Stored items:
┌──

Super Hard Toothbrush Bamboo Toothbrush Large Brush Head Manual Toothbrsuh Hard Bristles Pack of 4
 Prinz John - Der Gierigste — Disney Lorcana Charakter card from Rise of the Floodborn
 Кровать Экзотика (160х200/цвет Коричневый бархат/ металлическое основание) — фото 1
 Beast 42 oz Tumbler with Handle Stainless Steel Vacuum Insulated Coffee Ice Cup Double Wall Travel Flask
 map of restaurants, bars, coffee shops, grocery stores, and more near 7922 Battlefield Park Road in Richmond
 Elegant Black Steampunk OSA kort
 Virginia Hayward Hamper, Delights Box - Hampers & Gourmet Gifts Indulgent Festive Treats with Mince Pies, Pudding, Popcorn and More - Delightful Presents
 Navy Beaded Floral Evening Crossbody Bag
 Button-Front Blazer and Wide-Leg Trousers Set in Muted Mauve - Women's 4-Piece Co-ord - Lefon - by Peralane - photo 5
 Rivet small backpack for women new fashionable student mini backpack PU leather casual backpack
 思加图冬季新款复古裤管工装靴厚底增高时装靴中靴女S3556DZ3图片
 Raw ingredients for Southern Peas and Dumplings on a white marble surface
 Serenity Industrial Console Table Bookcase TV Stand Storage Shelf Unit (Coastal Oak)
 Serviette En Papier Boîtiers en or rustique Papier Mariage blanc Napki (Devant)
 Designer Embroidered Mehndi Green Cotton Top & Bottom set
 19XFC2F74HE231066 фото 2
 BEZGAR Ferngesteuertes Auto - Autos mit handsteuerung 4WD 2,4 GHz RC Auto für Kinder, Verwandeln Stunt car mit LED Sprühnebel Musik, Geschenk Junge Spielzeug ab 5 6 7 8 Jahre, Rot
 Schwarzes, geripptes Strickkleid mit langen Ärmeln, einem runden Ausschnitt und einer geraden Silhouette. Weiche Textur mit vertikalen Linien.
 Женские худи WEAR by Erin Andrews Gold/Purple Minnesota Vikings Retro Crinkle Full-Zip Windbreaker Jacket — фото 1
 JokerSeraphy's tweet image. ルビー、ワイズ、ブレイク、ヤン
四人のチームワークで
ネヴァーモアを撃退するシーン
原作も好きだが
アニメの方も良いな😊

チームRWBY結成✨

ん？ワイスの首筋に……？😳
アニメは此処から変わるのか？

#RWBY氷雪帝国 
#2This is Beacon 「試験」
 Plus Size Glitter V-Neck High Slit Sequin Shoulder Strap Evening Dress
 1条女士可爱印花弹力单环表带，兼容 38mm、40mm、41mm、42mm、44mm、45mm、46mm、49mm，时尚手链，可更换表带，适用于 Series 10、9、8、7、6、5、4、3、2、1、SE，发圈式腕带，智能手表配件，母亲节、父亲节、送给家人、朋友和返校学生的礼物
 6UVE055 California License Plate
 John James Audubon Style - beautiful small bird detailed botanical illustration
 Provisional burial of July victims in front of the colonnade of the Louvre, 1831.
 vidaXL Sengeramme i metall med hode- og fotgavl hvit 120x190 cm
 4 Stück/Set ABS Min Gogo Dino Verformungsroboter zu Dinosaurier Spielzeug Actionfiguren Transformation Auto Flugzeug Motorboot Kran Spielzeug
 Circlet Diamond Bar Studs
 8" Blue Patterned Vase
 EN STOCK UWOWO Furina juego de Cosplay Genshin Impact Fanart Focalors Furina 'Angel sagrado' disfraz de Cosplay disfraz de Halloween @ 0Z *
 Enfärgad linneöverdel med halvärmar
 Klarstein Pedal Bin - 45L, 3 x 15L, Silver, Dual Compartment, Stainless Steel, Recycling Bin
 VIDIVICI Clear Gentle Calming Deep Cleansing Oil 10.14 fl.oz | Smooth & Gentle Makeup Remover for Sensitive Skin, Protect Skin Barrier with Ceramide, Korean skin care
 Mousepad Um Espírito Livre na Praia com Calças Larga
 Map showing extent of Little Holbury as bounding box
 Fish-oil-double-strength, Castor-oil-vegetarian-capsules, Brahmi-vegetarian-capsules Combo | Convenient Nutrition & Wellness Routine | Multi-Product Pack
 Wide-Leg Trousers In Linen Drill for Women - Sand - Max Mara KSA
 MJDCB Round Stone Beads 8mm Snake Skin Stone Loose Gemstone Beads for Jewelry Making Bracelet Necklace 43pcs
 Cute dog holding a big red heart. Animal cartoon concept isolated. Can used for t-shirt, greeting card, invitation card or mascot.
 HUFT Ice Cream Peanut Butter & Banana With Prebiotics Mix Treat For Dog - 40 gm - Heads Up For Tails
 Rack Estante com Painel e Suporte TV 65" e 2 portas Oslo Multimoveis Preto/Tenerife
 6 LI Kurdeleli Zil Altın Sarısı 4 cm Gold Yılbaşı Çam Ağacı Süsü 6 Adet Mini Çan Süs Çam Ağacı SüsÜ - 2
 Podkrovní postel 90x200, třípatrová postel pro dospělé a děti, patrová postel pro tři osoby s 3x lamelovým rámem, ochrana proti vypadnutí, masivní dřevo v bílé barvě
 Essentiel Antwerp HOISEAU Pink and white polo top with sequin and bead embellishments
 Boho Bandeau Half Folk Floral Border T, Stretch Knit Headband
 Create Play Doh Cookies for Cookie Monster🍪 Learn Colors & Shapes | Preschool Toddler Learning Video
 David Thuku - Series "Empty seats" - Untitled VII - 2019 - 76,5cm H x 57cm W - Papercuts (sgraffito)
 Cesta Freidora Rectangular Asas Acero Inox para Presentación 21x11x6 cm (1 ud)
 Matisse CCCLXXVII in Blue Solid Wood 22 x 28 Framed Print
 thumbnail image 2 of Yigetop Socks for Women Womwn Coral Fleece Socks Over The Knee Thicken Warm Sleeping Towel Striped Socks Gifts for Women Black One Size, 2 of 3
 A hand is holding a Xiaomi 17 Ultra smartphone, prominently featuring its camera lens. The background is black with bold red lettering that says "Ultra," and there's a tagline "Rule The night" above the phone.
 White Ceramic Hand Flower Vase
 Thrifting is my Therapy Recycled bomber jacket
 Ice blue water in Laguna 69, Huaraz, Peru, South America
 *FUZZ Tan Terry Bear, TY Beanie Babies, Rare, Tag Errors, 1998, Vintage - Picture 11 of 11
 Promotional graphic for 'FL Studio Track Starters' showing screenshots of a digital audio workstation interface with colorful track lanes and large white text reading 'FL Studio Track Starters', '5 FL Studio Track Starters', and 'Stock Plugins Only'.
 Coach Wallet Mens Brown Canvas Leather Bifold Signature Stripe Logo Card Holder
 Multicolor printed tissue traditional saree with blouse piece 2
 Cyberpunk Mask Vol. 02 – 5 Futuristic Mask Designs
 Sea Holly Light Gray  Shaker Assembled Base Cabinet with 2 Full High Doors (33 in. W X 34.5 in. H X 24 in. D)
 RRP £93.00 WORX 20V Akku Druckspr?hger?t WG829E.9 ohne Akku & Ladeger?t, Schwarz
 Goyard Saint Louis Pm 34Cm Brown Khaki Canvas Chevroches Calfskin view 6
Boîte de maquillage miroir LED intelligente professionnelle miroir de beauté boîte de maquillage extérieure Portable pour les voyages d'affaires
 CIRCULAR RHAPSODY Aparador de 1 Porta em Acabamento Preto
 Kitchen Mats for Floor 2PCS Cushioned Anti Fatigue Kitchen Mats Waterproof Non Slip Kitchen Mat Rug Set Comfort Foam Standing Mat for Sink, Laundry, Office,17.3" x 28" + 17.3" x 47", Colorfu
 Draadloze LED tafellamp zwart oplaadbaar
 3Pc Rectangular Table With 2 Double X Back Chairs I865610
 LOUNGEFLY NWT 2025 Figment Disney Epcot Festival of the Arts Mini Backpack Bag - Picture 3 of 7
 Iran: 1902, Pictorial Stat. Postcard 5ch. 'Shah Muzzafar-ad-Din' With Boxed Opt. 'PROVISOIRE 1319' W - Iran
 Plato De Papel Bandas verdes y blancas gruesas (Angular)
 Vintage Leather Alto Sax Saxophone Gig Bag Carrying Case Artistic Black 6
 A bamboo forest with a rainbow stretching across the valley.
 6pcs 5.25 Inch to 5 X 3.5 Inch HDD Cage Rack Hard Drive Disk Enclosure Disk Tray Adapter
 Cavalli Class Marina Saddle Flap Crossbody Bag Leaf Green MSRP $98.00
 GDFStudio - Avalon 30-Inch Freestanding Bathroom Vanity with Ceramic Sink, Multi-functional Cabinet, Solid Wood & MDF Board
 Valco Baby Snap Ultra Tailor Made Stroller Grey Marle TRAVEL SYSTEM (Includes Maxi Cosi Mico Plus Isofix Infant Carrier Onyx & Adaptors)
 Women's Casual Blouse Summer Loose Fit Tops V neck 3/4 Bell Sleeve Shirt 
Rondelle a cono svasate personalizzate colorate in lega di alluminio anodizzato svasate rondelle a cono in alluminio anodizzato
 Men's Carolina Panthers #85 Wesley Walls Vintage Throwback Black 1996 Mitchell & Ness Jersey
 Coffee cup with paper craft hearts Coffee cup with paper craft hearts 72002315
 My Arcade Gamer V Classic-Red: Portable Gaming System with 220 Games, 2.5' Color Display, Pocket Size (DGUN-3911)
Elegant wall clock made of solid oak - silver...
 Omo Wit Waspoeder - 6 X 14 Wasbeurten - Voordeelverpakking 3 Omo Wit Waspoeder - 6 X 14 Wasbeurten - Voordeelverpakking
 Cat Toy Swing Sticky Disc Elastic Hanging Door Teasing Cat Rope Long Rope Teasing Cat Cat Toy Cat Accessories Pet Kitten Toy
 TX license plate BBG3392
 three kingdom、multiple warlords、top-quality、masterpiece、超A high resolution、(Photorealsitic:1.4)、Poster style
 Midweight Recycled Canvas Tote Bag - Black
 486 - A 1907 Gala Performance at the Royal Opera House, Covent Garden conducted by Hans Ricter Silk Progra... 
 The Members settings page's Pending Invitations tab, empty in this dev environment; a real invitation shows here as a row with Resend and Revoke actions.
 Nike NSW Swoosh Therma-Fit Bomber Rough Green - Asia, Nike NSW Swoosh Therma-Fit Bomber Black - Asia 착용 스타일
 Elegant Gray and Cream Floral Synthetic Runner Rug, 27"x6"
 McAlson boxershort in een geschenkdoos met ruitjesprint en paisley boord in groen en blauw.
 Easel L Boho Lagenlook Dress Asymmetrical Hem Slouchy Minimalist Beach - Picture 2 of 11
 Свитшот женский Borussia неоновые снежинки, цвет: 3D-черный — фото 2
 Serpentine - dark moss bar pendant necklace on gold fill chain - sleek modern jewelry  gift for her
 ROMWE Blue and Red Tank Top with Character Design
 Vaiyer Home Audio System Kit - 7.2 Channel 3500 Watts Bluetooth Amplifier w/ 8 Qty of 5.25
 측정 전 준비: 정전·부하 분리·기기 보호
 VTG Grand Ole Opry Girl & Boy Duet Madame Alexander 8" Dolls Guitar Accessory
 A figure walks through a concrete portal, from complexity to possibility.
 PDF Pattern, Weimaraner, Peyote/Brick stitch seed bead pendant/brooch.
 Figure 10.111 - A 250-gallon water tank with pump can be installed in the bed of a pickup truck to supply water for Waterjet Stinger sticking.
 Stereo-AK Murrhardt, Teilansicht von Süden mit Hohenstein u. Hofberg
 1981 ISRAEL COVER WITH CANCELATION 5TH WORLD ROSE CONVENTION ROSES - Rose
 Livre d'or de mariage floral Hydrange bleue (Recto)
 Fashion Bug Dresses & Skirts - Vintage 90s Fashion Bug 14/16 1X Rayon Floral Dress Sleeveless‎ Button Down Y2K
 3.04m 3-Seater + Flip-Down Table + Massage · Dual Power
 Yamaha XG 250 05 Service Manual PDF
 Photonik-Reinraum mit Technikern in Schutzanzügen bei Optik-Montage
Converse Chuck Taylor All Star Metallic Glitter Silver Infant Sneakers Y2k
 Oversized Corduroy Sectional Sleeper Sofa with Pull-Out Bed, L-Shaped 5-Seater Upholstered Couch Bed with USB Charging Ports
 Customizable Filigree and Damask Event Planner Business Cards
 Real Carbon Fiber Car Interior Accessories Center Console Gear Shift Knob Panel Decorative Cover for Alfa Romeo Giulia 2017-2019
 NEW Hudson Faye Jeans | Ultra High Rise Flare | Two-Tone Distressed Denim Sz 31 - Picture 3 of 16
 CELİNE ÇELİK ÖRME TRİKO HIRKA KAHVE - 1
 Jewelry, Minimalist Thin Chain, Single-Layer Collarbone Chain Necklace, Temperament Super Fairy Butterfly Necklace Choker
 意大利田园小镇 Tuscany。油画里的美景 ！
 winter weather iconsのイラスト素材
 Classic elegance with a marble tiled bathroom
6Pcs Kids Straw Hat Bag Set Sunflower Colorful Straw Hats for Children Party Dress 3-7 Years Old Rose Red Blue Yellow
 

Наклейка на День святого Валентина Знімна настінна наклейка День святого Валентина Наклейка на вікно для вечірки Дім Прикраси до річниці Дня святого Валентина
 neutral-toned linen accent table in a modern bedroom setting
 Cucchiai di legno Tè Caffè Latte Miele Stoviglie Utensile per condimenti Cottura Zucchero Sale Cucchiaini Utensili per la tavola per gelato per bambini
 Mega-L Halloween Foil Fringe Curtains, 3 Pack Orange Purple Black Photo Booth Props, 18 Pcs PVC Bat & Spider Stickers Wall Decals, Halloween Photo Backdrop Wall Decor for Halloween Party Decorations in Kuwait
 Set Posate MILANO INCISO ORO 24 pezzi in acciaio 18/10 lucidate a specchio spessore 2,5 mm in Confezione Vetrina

└──

▸ ASSIGNMENT
Give only the number of lines in the data that include the string "Canvas".

▸ ANSWER TO THE PROBLEM
3